When defining a job, it is possible to specify a query parameterized by a series of variables, along with the possible values for these variables, thus several queries are executed against the corresponding server.

Denodo Scheduler Architecture

Denodo Scheduler Architecture

The following briefly describes two typical examples of the use of Denodo Scheduler.

Example: data extraction and exportation

Suppose you want to periodically extract information from customers accessible via a Virtual DataPort view that only allows querying one customer at a time specifying its Tax ID, and returns as a response information of interest about the customer specified. The list of all the Tax IDs to be queried is available in an internal database accessible via JDBC. The set of data extracted must be dumped to another internal database also accessible via JDBC. The steps to be followed to carry out this job with Denodo Scheduler are as follows:

  1. Add a new JDBC-type data source to Scheduler to access the database that contains the Tax IDs of the required customers (see section JDBC Data Sources to find out how to add JDBC data sources).

  2. Add another new JDBC data source to Scheduler to access the database in which the extracted data will be dumped into.

  3. Add a new VDP-type data source to Scheduler (or use an existing one) to access the Virtual DataPort server containing the view to be queried (see section VDP Data Sources to find out how to add VDP data sources).

  4. Create a VDP-type job in Scheduler and configure it to use the VDP data source defined in step 3 (see section Configuring New Jobs). The VDP job will query the view for each different value specified for the Tax ID field. To get the different values of the Tax ID field, a query on the JDBC data source defined in step 1 will be used.

  5. Create a JDBC-type exporter for the VDP job (see section Exporters Section). This exporter will use the JDBC data source defined in step 2.

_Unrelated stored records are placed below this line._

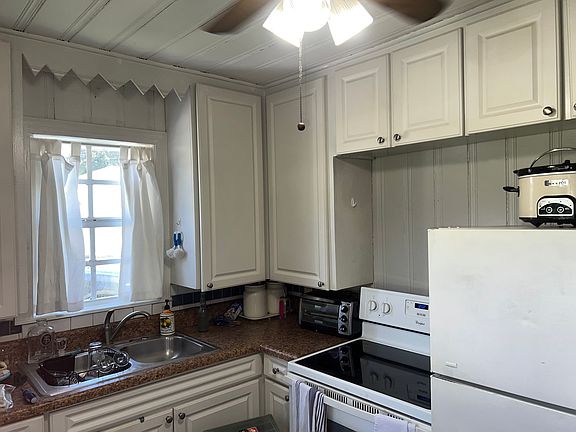 3rd image of 118 S Arrawana Ave APT A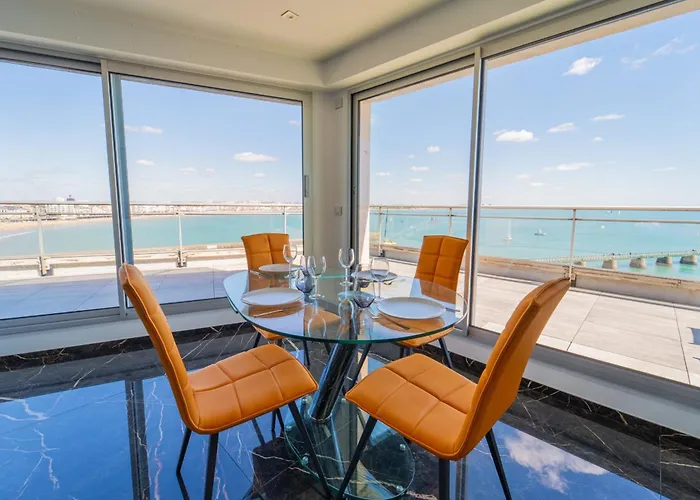 Emplacement Rare Avec Vue Garage Ferme *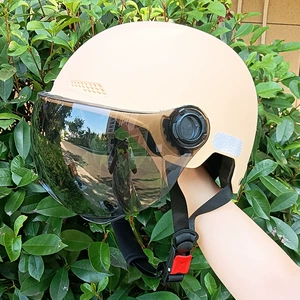 Saviron New National Standard 3C Certified Electric Scooter Helmet for Women in Autumn and Winter, Summer Sun Protection Safety Helmet for Men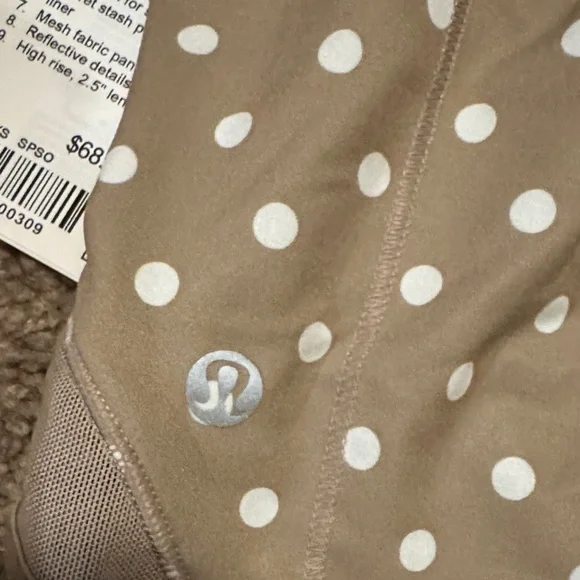lululemon athletica Tan Polka Dot Hottie Hot Shorts size 6 - Picture 3 of 5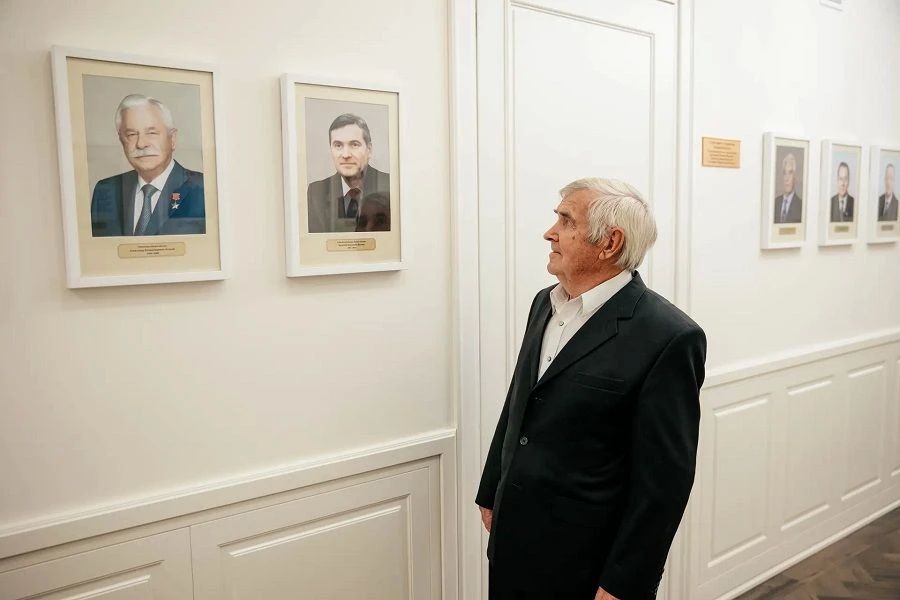 Хинштейн пригласил в Дом Советов первого губернатора Курской области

  6. Finally, configure the frequency with which you want to execute the job in Scheduler (see section Time-based Job Scheduling Section).

Example: data caching

Suppose you want to periodically refresh the cache of a Virtual DataPort view. The steps to be followed to carry out this job with Denodo Scheduler are as follows:

  1. Add a new VDP-type data source to Scheduler (or use an existing one) to access the Virtual DataPort server containing the view to be queried (see section VDP Data Sources to find out how to add VDP data sources).

  2. Create a VDPCache-type job in Scheduler and configure it to use the VDP data source defined the previous step (see section Configuring New Jobs). Configure the view whose cache should be refreshed and the different available caching options.

  3. Finally, configure the frequency with which you want to execute the job in Scheduler (see section Time-based Job Scheduling Section).